The continuation of the urea subsidy scheme will ensure timely payment of subsidy to urea manufacturers resulting in timely availability of urea to farmers at statutory controlled price. Implementation of DBT in Fertilizer Sector will reduce diversion of fertilizers to non-agricultural use and plug leakages.
DBT in Fertilizer Sector
Department of Fertilizers is in process to roll out DBT in fertilizer sector nationwide. DBT will entail 100% payment to fertilizer companies on sale of fertilizers to farmers at subsidized rates. The DBT in fertilizer sector being implemented is slightly different from normal DBT implemented for other schemes. Under it, the subsidy will be released to the fertilizer companies instead of the beneficiaries, after the sale is made by the retailers to the beneficiaries. The subsidy will be released on submission of claims generated in the web-based online Integrated Fertilizer Monitoring System (iFMS) by fertilizer companies.
Urea Subsidy Scheme
Urea Subsidy is part of Central Sector Scheme (CSS) of Department and is wholly financed by Central Government of India through budgetary support. It also includes Imported Urea subsidy which is directed towards import to bridge gap between assessed demand and indigenous production of urea in the country. It also includes freight subsidy for movement of urea across the country.

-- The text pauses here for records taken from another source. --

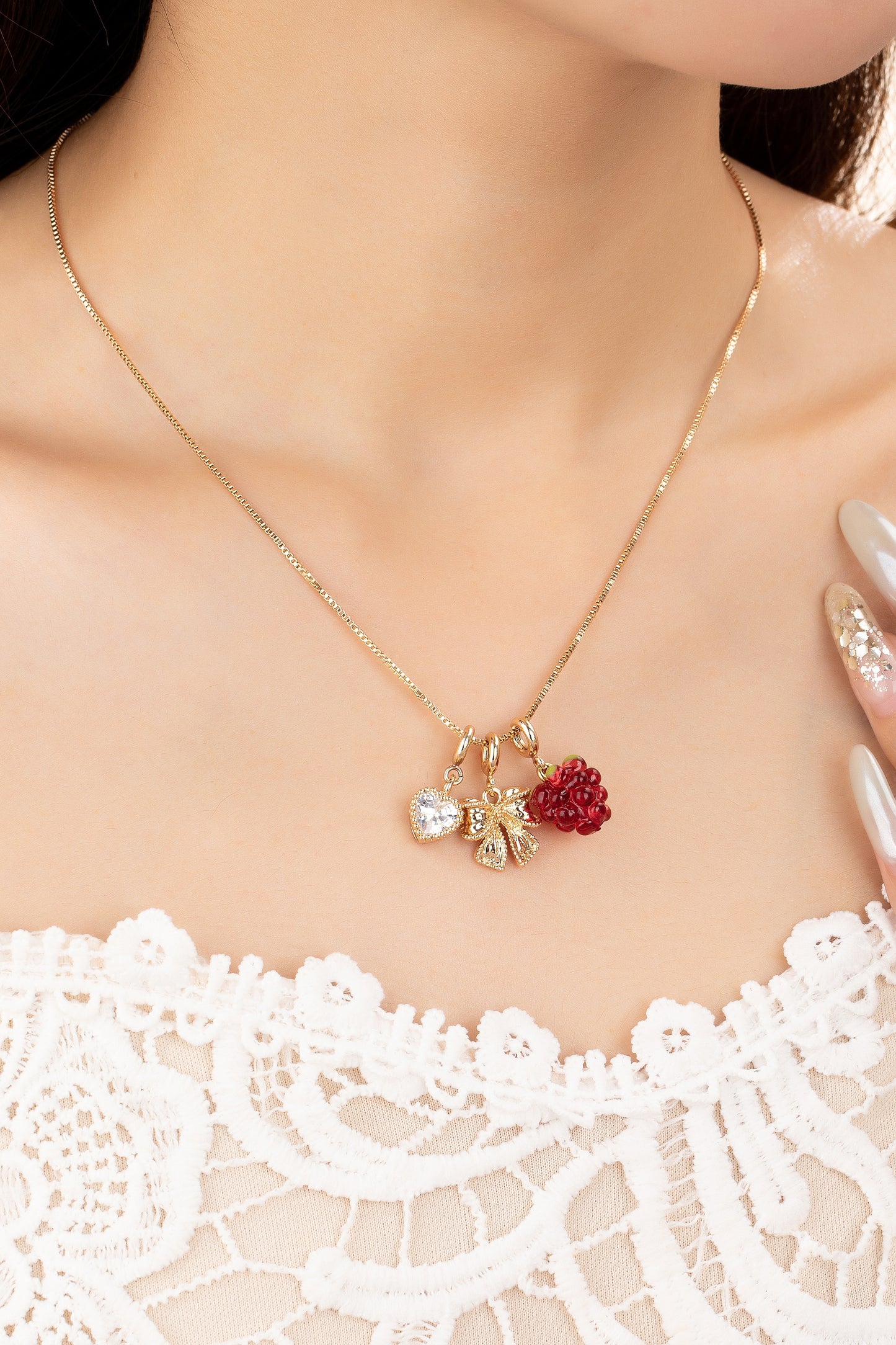 Heart Bow Berry Charm Necklace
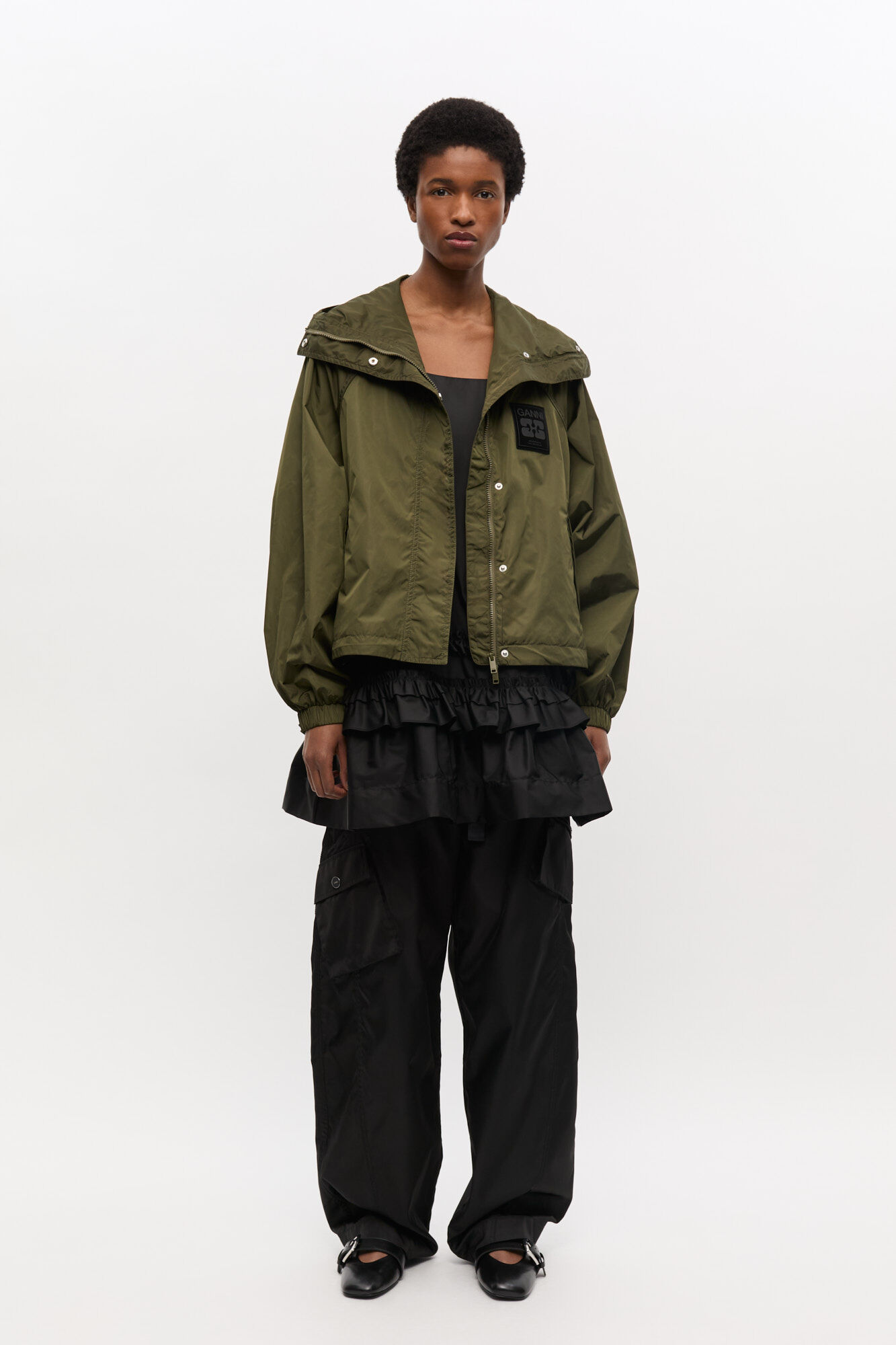 Green Nylon Jacket, Nylon, in colour Kalamata - 2 - GANNI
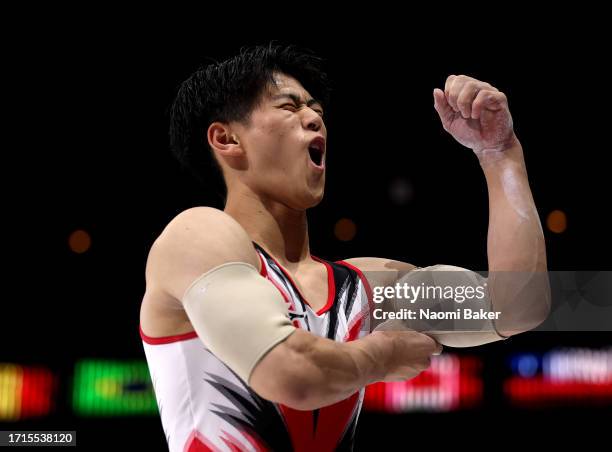 Daiki Hashimoto of Team Japan reacts after competing on the Parallel Bars during the Men's Team Final on Day Four of the 2023 Artistic Gymnastics...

The use of chemical fertilizers have played pivotal role in making India self-reliant in food grain production and provide very vital input for growth of Indian agriculture. For sustained agricultural growth and to promote balanced nutrient application, urea is made available to farmers at statutorily controlled price.
The fertilizer subsidy mainly is difference between delivered cost of fertilizers at farm gate and MRP payable by farmer. It is given to fertilizer manufacturer/importer by Central Government. At present, there are 31 urea manufacturing units, out of which 28 urea units use Natural Gas as feedstock/fuel and remaining 3 urea units use Naphtha as feedstock.